Kuoppamaki: Yeah, absolutely. Composting is a good step in the right direction. It’s definitely an improvement over sending that waste to the landfill. But really reducing the food waste overall, not even having to compost it, that’s six to seven times more effective than composting. So while composting is a good step, really trying to reduce that food waste is an even better step.
Miller: Oh, because composting is further along in the process. The idea is just only grow and prepare as much food as we or, say, animals, are actually going to eat.
Kuoppamaki: Absolutely. Yeah. And composting itself makes some methane, not nearly as much as landfills. It depends on the method of composting, but there is some methane that’s happening from there. So, yeah, because of what you said in the methane emissions from composting. Absolutely.

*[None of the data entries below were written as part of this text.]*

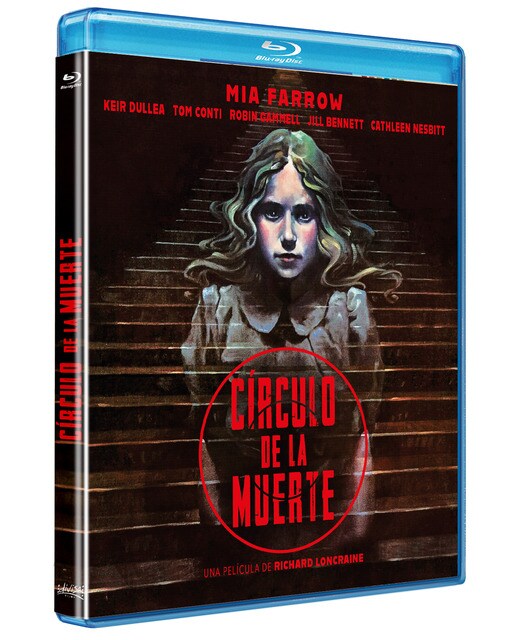 Imagen 0 de Círculo de la muerte (Blu-Ray)
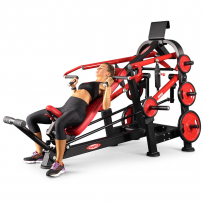 Жим в наклоне (версия Super) PANATTA Super Inclined Bench Press 1FW033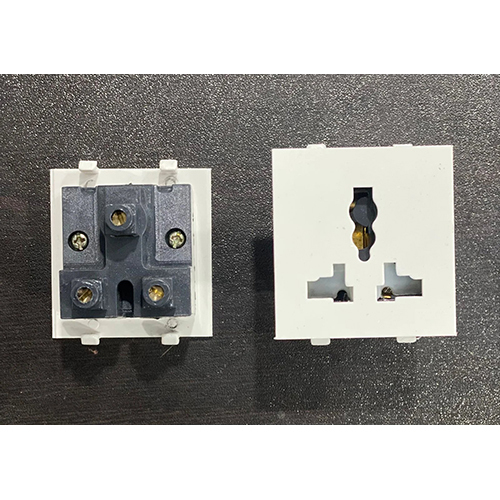 Modular Universal Socket - Application: Electric Fitting
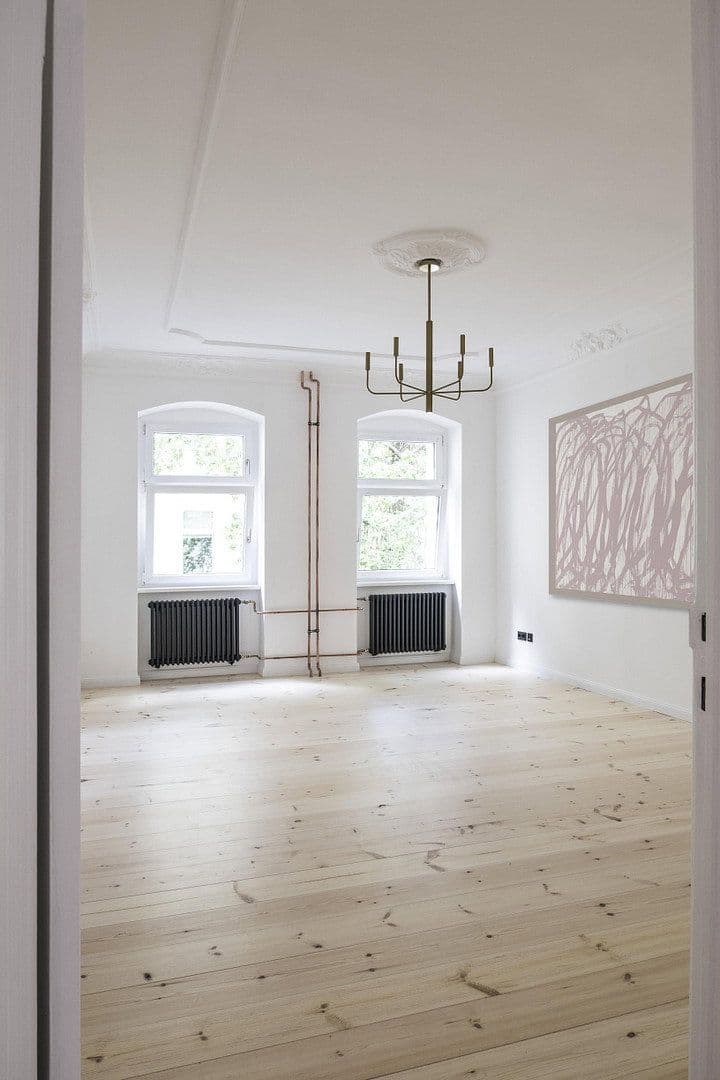 Prodej bytu 2+1 55 m², Berlin, Berlín Prodej bytu 2+1 55 m², Berlin, Berlín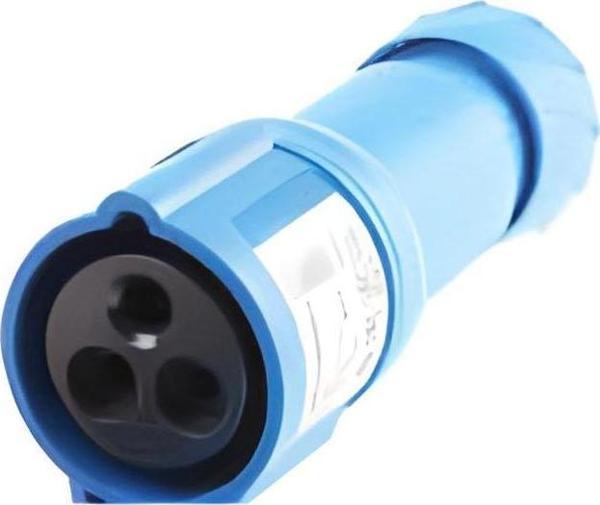 SAHİL BESLEME FİŞİ DİŞİ 32amp - Image 1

Miller: Just briefly, you mentioned that you went further a couple of years ago than federal requirements. What would you like to see at the federal level? And we have about 40 seconds left.
Kuoppamaki: I think they should really see what other states have been doing. It’s not just Oregon and Washington. I know Maryland’s been looking at the rules and other states have sort of been looking at where they can see improvements. I think they should see what the states have been doing, see what’s been working and push as far as we have been doing. There’s a lot more methane emissions from landfills that could be, I think, mitigated or regulated that would be helpful.
Miller: Heather, thanks very much.
Kuoppamaki: Yeah. Thank you.
Miller: Heather Kuoppamaki is a senior environmental engineer with the Oregon Department of Environmental Quality. She joined us to talk about Oregon’s, and now Washington’s, efforts to reduce methane emissions from landfills.